– Не много же вас здесь – обратился он к собравшимся в первый раз офицерским батальонам. – По правде говоря, из трехсоттысячного офицерского корпуса я ожидал увидеть больше. Но не огорчайтесь. Я глубоко убежден, что даже с такими малыми силами мы совершим великие дела. Не спрашивайте меня, куда и зачем мы идем, а то все равно скажу, что идем к черту за синей птицей. Теперь скажу только, что приказом Командующего армией, имя которого хорошо известно всей России, я назначен командиром 1-го Офицерского полка, который сводится из ваших трех батальонов и из роты моряков, хорошо известной нам по боям под Батайском. Командиры батальонов переходят на положение ротных командиров; но и тут, господа, не огорчайтесь. Ведь и я с должности начальника штаба фронта фактически перешел на батальон.

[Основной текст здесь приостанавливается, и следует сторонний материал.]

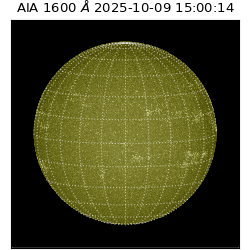 saia - 2025-10-09T15:00:14.125000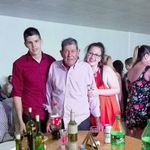 Horacio Arce - @horacioemanuelarce - Instagram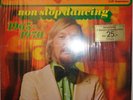 The Best Of James Last (Non Stop Dancing) 1965-1970 - 2 X 12” Vinyl Record LP's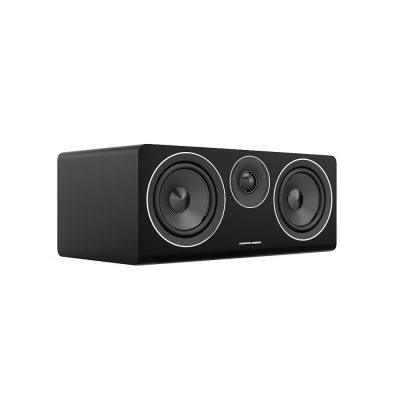 Acoustic Energy AE107
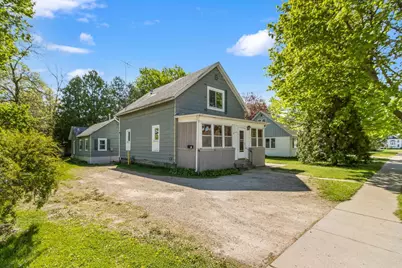 420 Madison Street, Sauk City, WI 53583 - Photo 1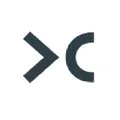 Virtual College logo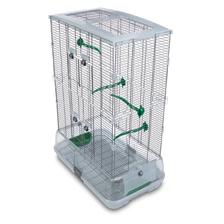 CAGE VISION M-02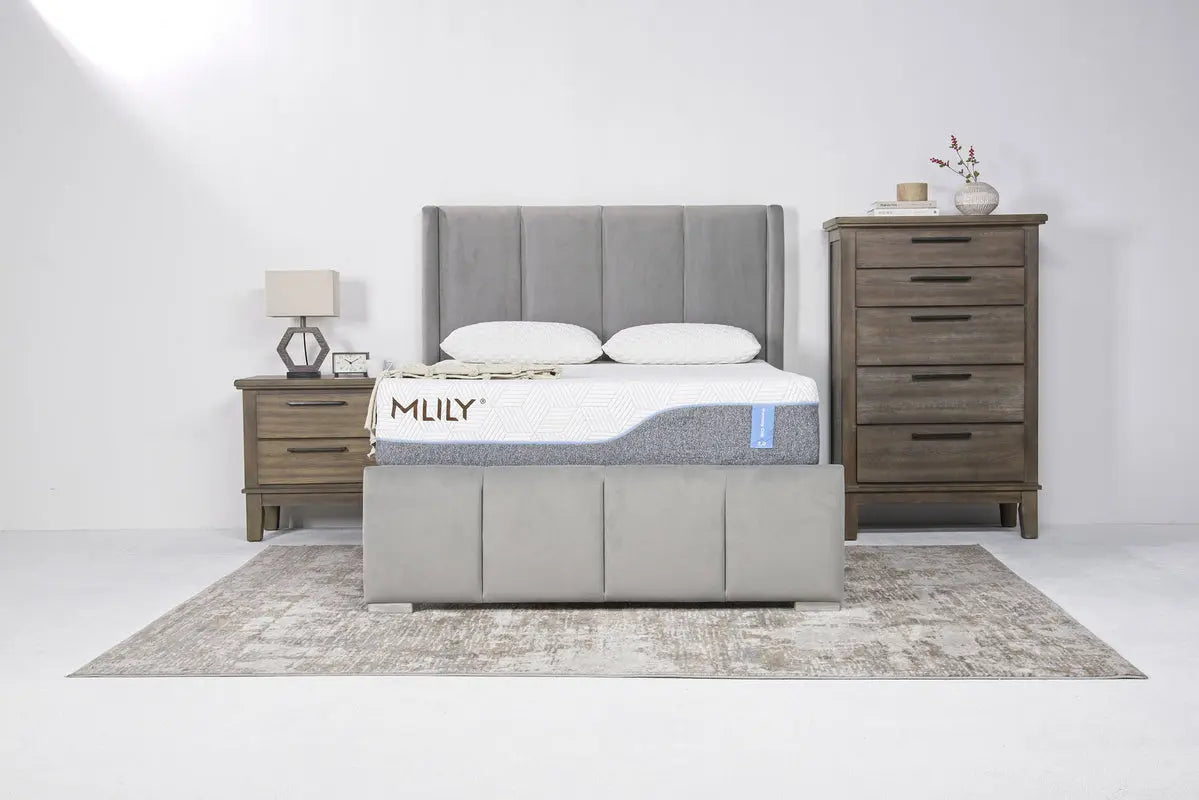 399006382:MLILY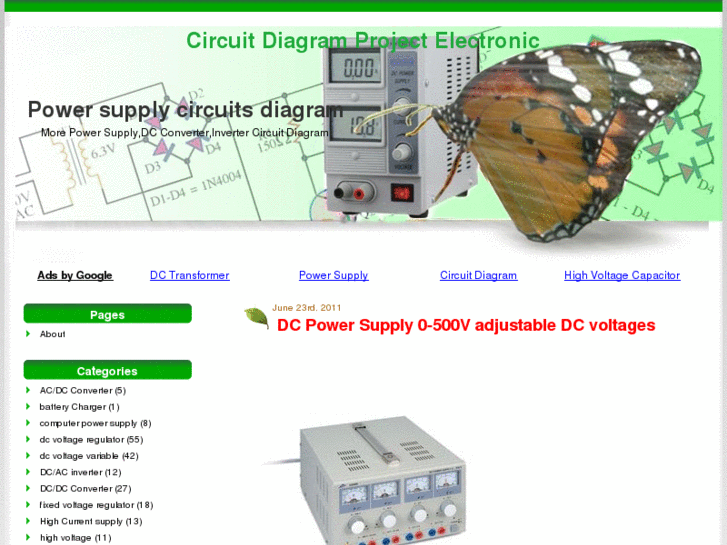 www.circuitpowersupply.com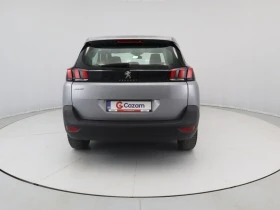 Peugeot 5008 1.5 HDI | Mobile.bg    7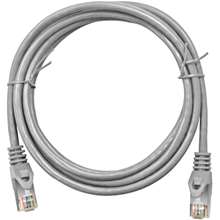 Schrack technik H6ULG07K0G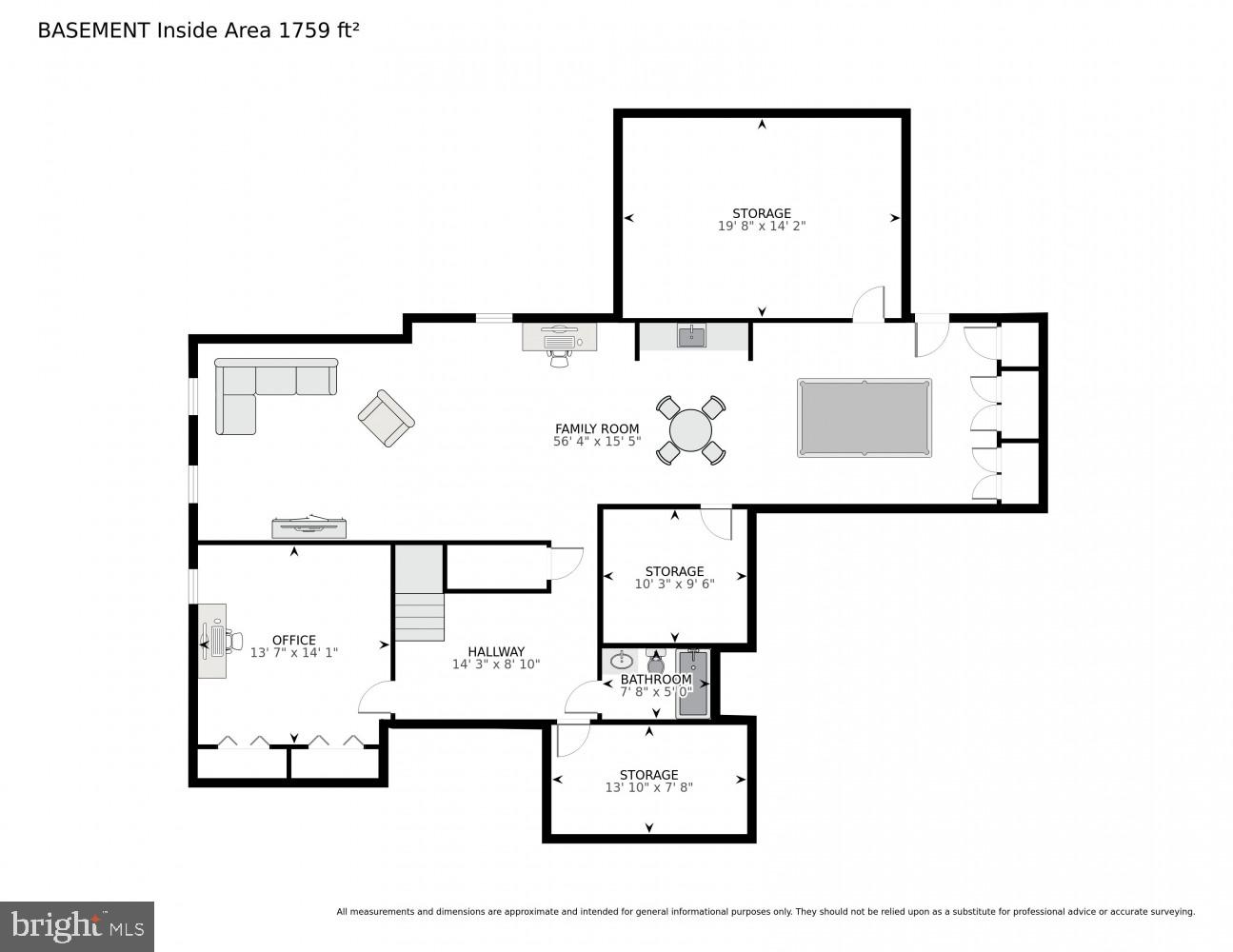 12804 New Parkland Dr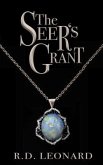 The Seer's Grant (eBook, ePUB)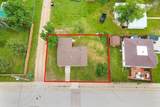 730 12th Street - Photo 21
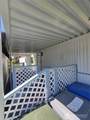20710 9th Avenue - Photo 23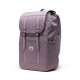 Herschel Τσάντα πλάτης Retreat™ Backpack - 23L
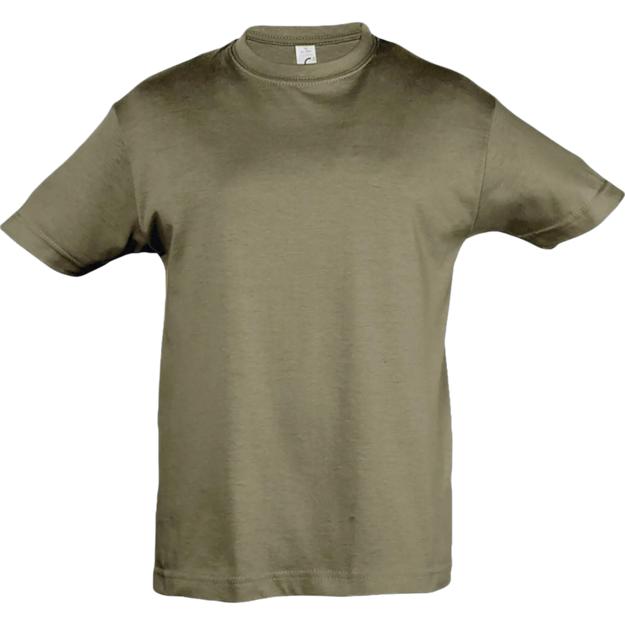 solsregentkids.color.army - solsregentkids_army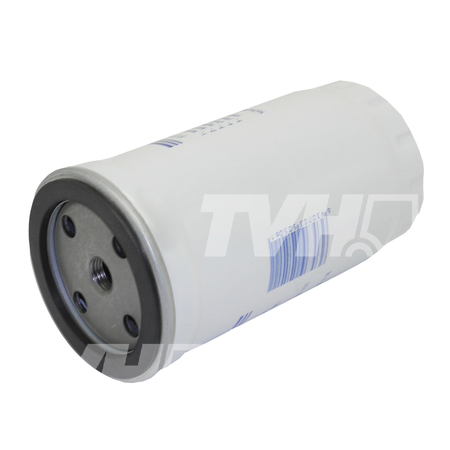 Produktbild von Filter - Fuel Spin-on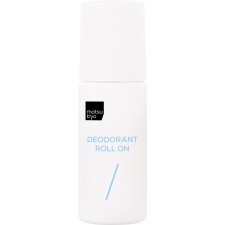 matsukiyo 데오드란트 롤온 무향료 45ml (의약외품)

Спешно комплектовали конницу и обоз, покупая лошадей с большим трудом и за баснословную цену у казаков. Патронов было очень мало, снарядов не более 600–700. Для этого рода снабжения у нас оставался только один способ – брать с боя у большевиков ценою крови.
Меня Корнилов назначил «помощником командующего армией». Функции довольно неопределенные, идея жуткая – преемственность. На беду у меня вышло недоразумение еще в Ростове с вещами: чемодан с военным платьем быль отправлен вперед в Батайск еще тогда, когда предполагалось везти армию по железной дороге, и там во время захвата станции попал в руки большевиков. В поход пришлось идти в штатском городском костюме и в сапогах с рваными подошвами. В результате после двух пеших переходов – тяжелая форма бронхита, благодаря которому потом долгое время на походе я ехал с войсками, а на остановках принужден был лежать в постели.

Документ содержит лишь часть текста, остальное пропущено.